::: Source data
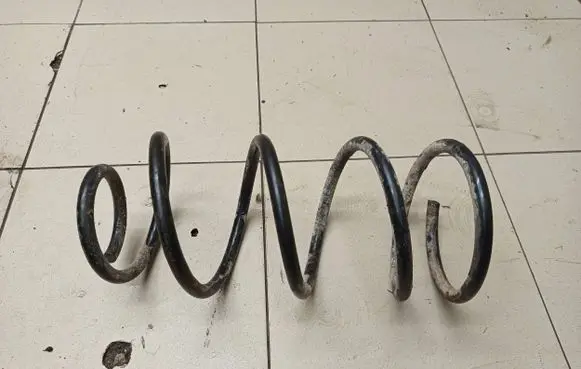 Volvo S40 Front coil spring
::::::
::: Source data
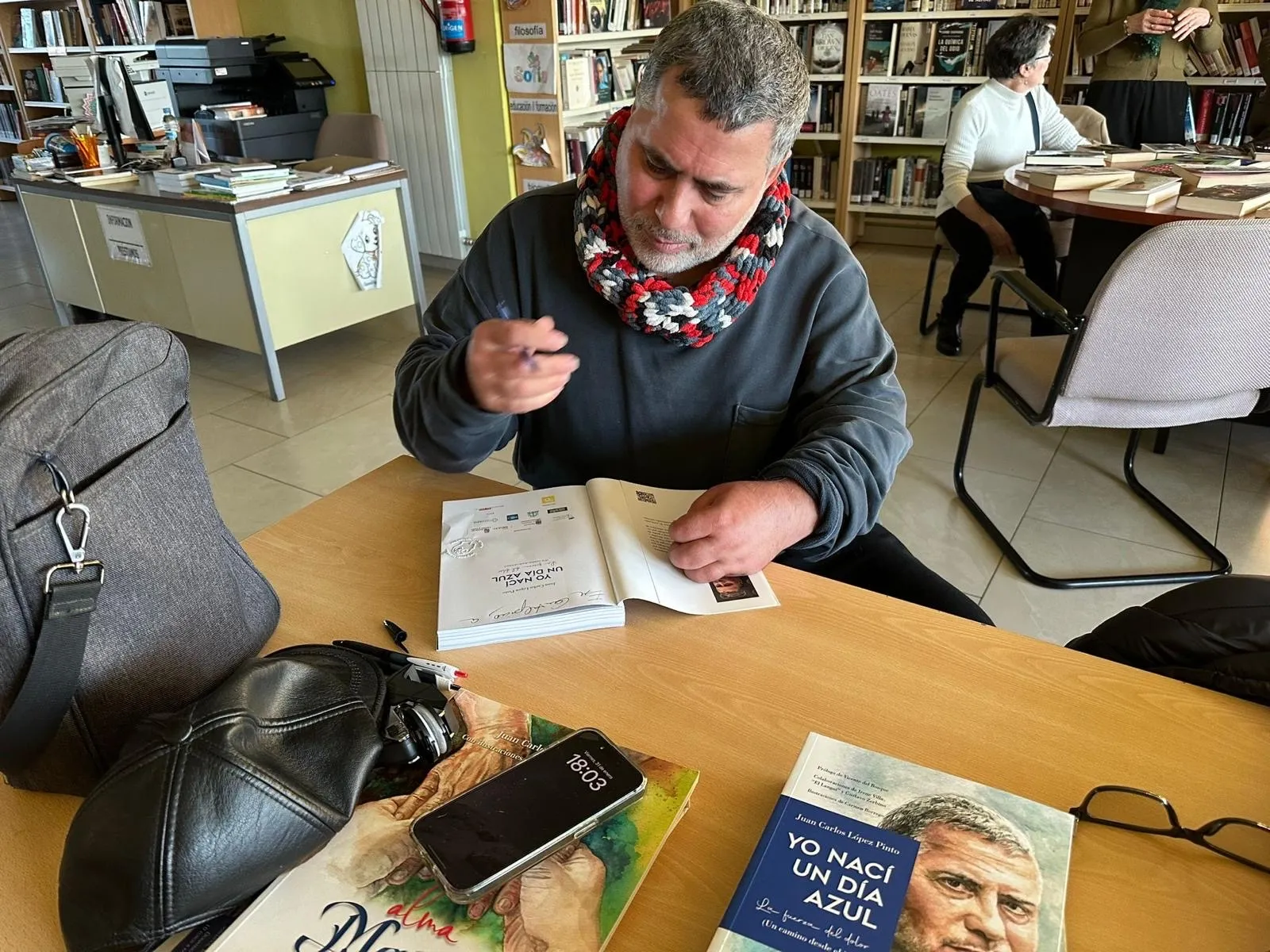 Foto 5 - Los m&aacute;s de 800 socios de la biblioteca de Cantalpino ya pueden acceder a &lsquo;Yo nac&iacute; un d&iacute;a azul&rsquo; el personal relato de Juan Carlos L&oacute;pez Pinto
::::::
::: Source data
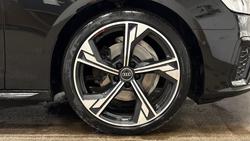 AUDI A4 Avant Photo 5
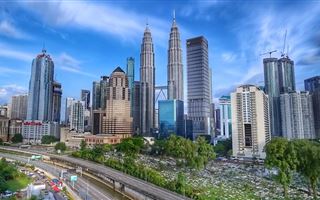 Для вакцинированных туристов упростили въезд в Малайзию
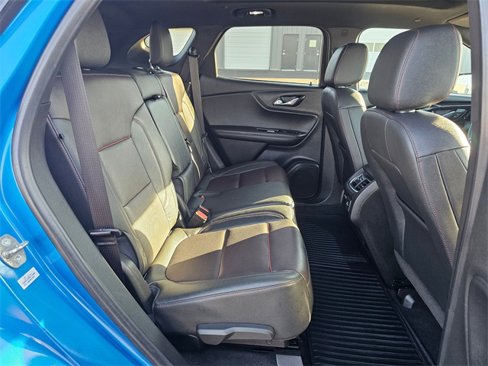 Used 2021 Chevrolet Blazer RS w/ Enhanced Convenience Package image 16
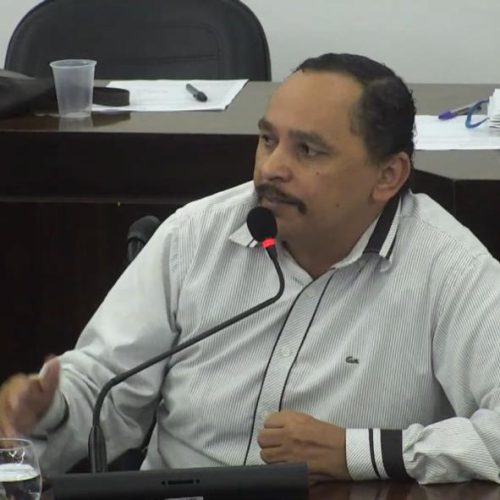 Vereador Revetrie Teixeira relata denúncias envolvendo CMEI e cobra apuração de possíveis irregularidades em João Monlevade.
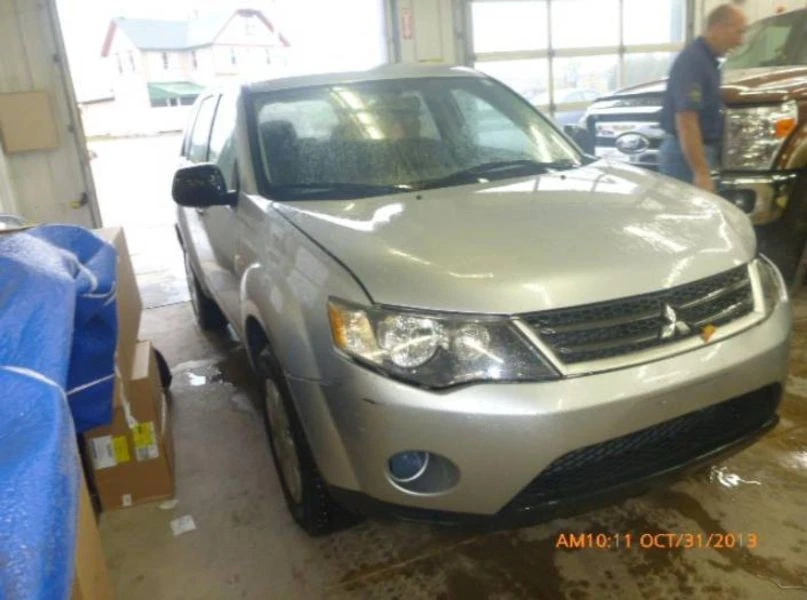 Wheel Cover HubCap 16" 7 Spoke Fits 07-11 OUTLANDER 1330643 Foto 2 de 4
::::::
**Exercise aim**
Beginning with the line above that has "Vereador Revetrie Teixeira" and going on through the line that has "Wheel Cover HubCap", retype every line exactly and add nothing else; drop the pictures.

**Solved exercise**
 Vereador Revetrie Teixeira relata denúncias envolvendo CMEI e cobra apuração de possíveis irregularidades em João Monlevade.
 Wheel Cover HubCap 16" 7 Spoke Fits 07-11 OUTLANDER 1330643 Foto 2 de 4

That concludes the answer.